Sometimes, plates of dishes and courses that were hardly touched or tasted went directly and fast from the table to the garbage bin. In many cases, describing those soon-to-be-wasted food items as “leftovers” would be sacrilegious, the height of culinary blasphemy. Unfortunately (fortunately for manufacturers), American consumers’ “wastefulness” extends to other consumer goods including electronic gadgets and devices, such as mobile phones and computers.

Unlike previous generations of Americans, especially those who lived through the Great Depression and World War II years, today’s children of Benjamin Franklin find nothing objectionable in replacing cars, clothes, and laptops months and even years before these products’ “expiration dates.”

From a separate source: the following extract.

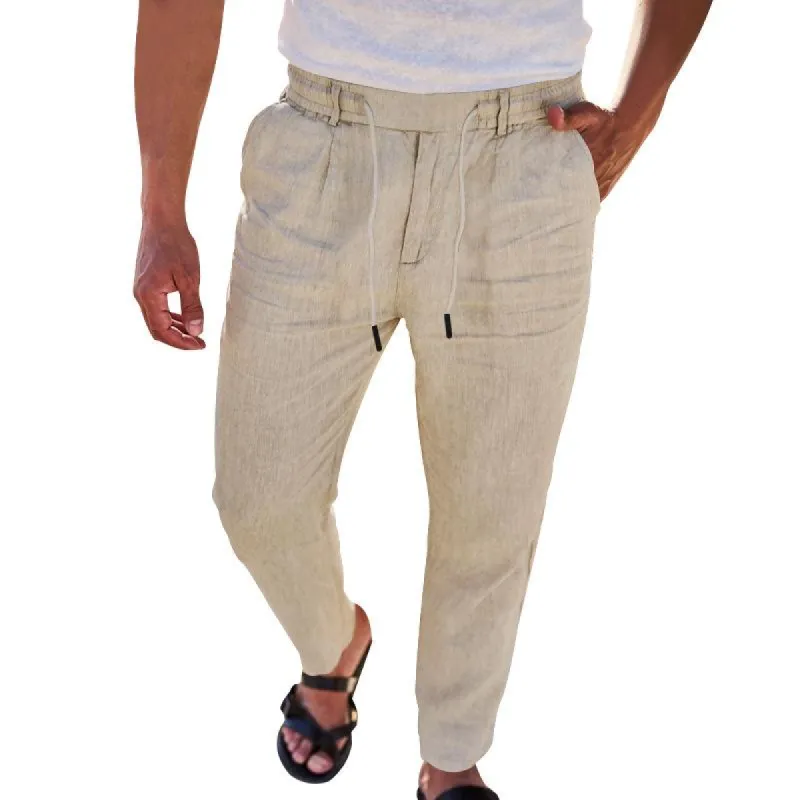 Men's Solid Color Cotton and Linen Drawstring Straight Pants 13578529X sold by Manly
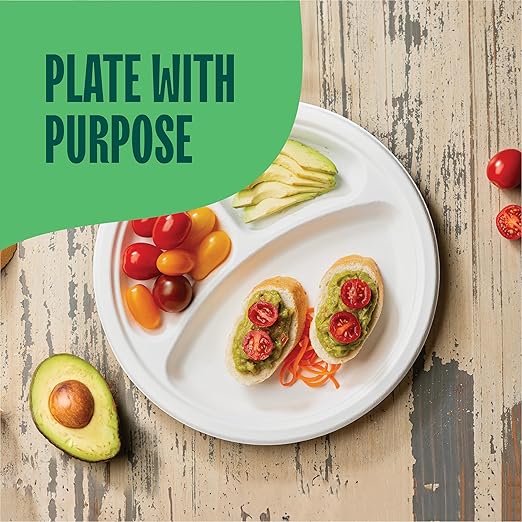 100% Compostable Paper Plates 10 Inch Bulk [500 Count] Heavy-Duty Dinner Plates with Compartments - Natural White Color Bagasse - Eco-Friendly Disposable Biodegradable Sugarcane - [Case 4/125 Pack]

But the economic slowdown that started in 2008 seems to have encouraged some American consumers to hold on to stuff longer than they used to.

Data from market researchers shows slower consumption and product life cycles. But analysts are looking with interest at how consumer attitudes might change once economic recovery goes full blast and easy credit returns.

Google for Chefs

Internet search giant Google has added a Recipe View to its market-leading search engine. Seeking for ways to repulse Bing, Microsoft’s emerging search platform, the online search and marketing giant has added a button to its search results. Users can click this button to gain access to results that can help them learn how to prepare meals and other culinary creations.

Google said it deals with about 10 million recipe-related search queries. This encouraged the company to add this culinary button to its online search tool.

Removing Nonsense

It might have come belatedly, but it is welcome nevertheless.

I’m referring to Google’s move to reduce the claptrap from its search results. This move by Google is tantamount to an admission that lately its results have been hijacked by content farms – those Web sites that publish nonsensical articles and stories designed to push up their sites’ search-results rankings.

Google has to really improve its search results. After all, a study by analytics firm Hitwise shows that the search giant has a 66-percent search success rate. Microsoft’s Bing has 82 percent.